• _The problem_
Word for word, copy the entire listing below, but do not carry over any pictures.

• _Data provided_
········

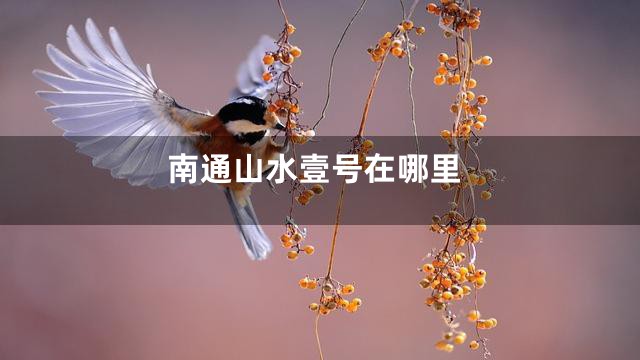 南通山水壹号在哪里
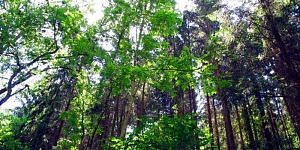Buying of felling sites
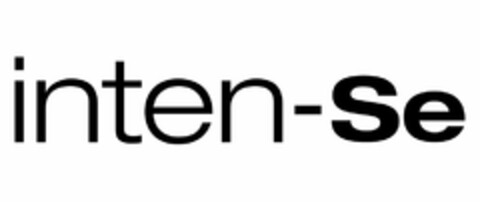 INTEN-SE Logo (USPTO, 01.10.2009)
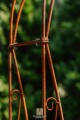Arche de jardin NINA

········

• _Response_
 南通山水壹号在哪里
Buying of felling sites
 INTEN-SE Logo (USPTO, 01.10.2009)
Arche de jardin NINA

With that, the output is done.